What you give back must match the data exactly, minus the pictures.

BEGIN

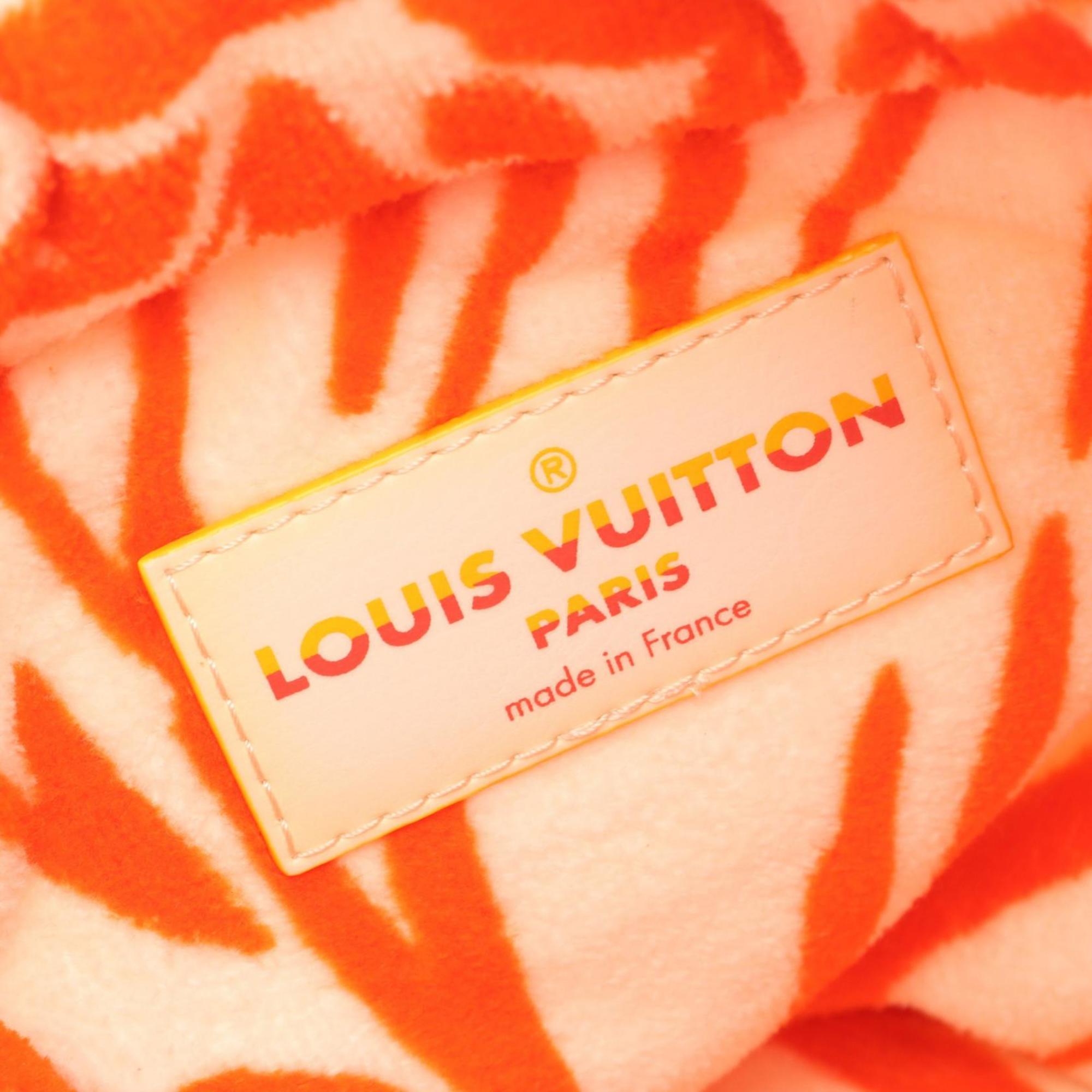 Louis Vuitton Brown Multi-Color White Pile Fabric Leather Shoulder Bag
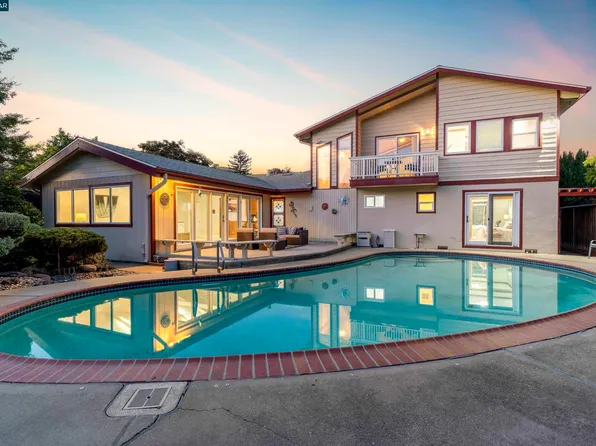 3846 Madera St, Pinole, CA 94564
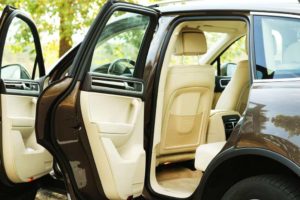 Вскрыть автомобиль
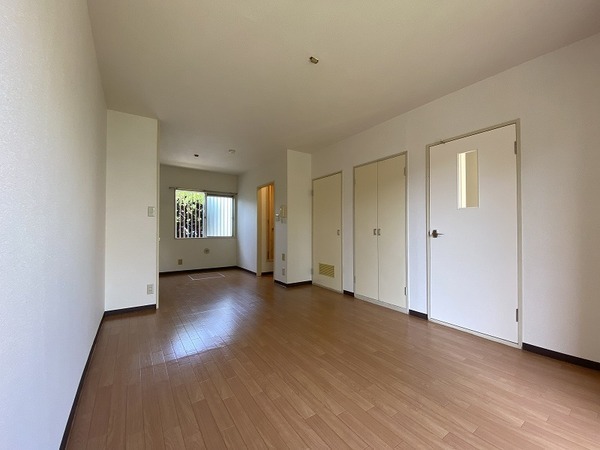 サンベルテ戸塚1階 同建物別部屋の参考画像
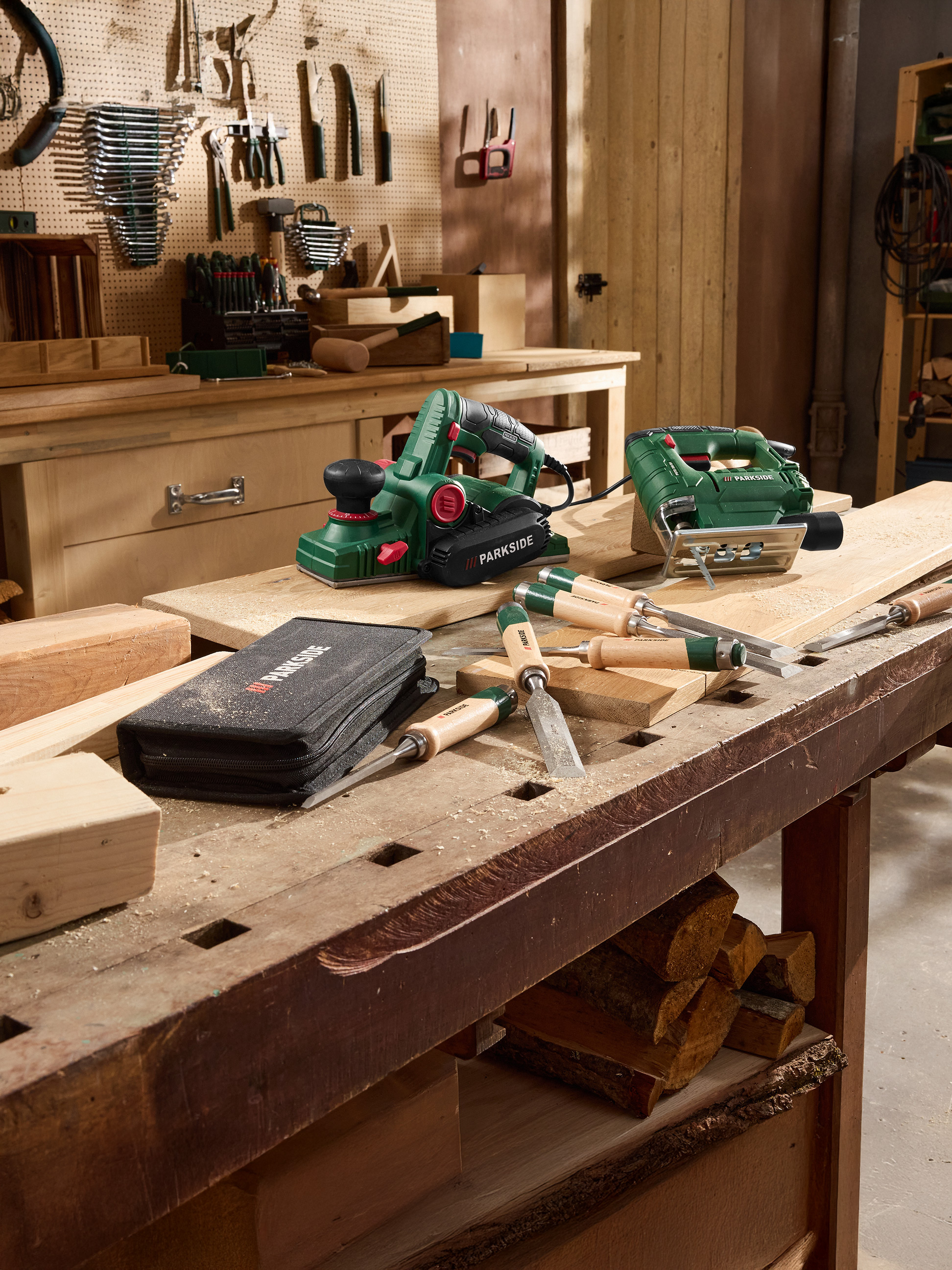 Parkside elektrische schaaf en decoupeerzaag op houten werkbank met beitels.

END

■ ANSWER SECTION:
 Louis Vuitton Brown Multi-Color White Pile Fabric Leather Shoulder Bag
 3846 Madera St, Pinole, CA 94564
 Вскрыть автомобиль
 サンベルテ戸塚1階 同建物別部屋の参考画像
 Parkside elektrische schaaf en decoupeerzaag op houten werkbank met beitels.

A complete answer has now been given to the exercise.